▸ **Problem to solve**
Leave every picture out and return the rest of the listing verbatim.

▸ **Information given**
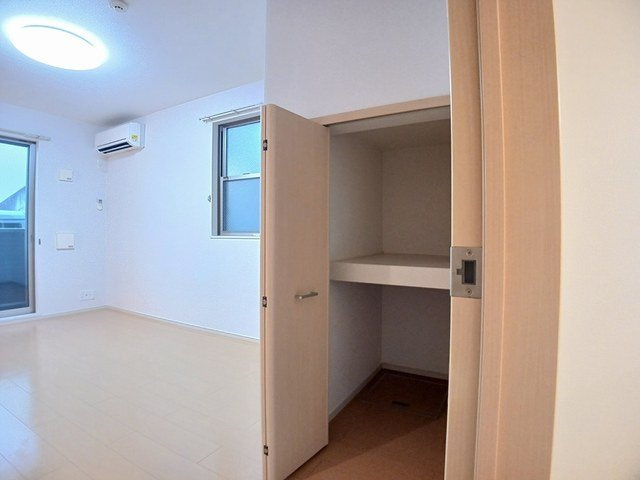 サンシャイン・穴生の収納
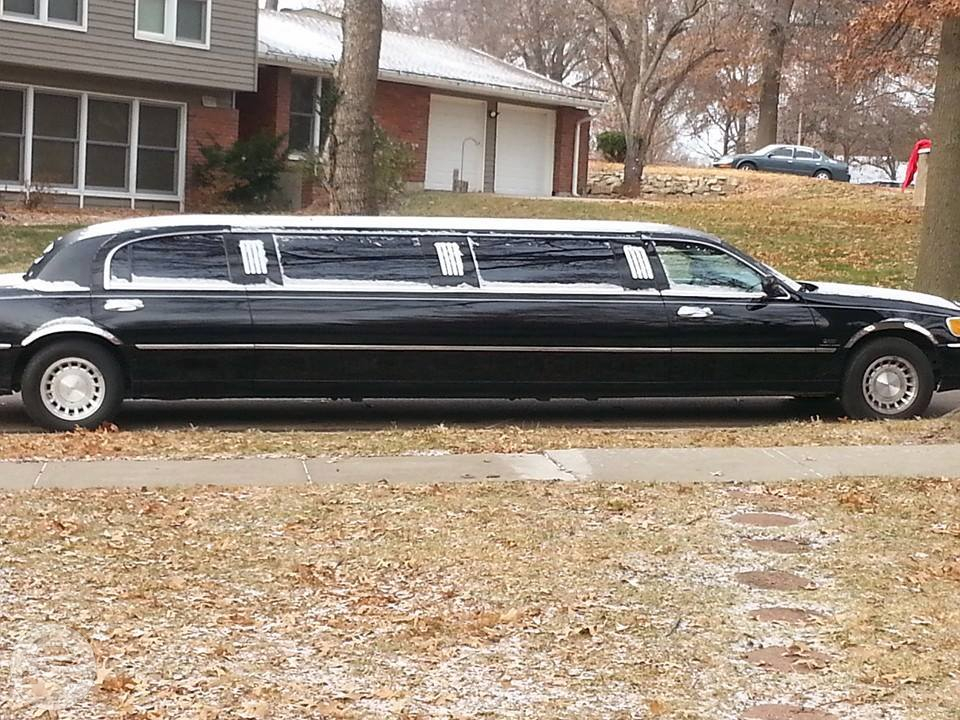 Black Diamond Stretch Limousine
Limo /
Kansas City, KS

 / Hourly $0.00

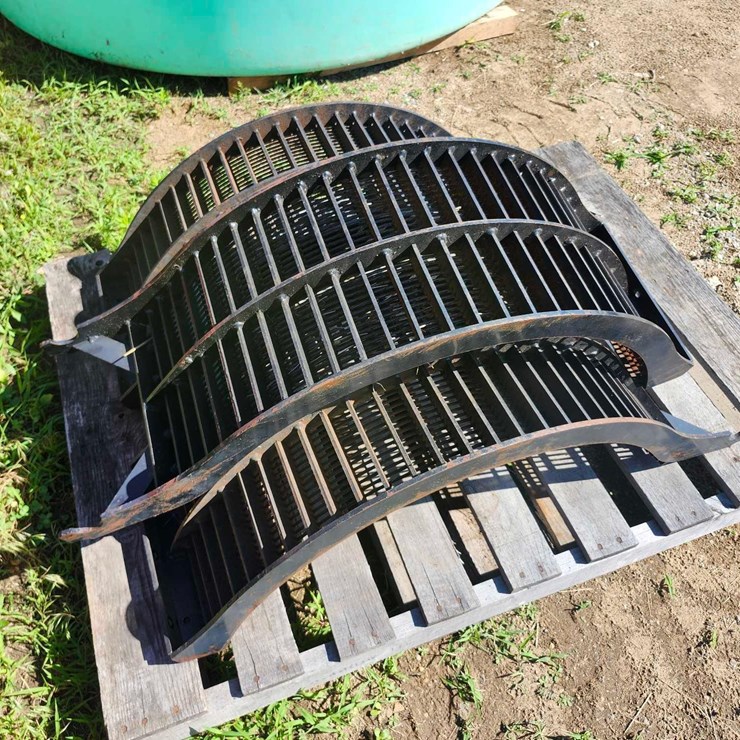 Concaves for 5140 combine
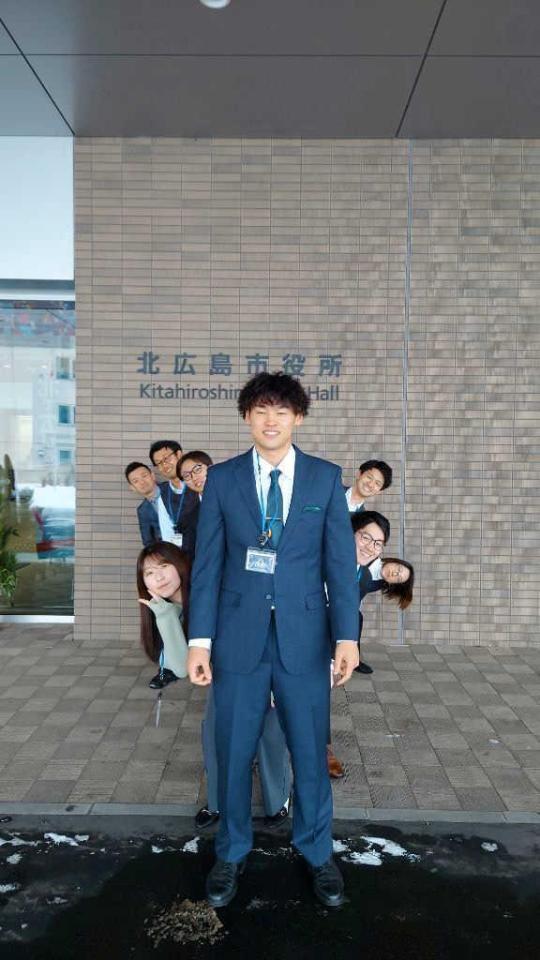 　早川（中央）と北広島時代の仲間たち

▸ **Answer space**
 サンシャイン・穴生の収納
 Black Diamond Stretch Limousine
Limo /
Kansas City, KS

 / Hourly $0.00

 Concaves for 5140 combine
 　早川（中央）と北広島時代の仲間たち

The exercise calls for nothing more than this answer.